* Dataset records *

------

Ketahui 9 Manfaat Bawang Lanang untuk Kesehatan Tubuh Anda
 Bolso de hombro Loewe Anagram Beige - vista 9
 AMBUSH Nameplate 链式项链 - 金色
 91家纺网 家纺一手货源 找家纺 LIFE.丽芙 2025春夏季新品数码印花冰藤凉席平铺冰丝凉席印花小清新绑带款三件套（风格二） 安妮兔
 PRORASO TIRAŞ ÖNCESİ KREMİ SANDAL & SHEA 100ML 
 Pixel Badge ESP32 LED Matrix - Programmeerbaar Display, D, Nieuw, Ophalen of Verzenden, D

------

Your task is to copy exactly, and only, the lines from the line with "PRORASO TIRAŞ ÖNCESİ" through the last line of the entries, both included.

 PRORASO TIRAŞ ÖNCESİ KREMİ SANDAL & SHEA 100ML 
 Pixel Badge ESP32 LED Matrix - Programmeerbaar Display, D, Nieuw, Ophalen of Verzenden, D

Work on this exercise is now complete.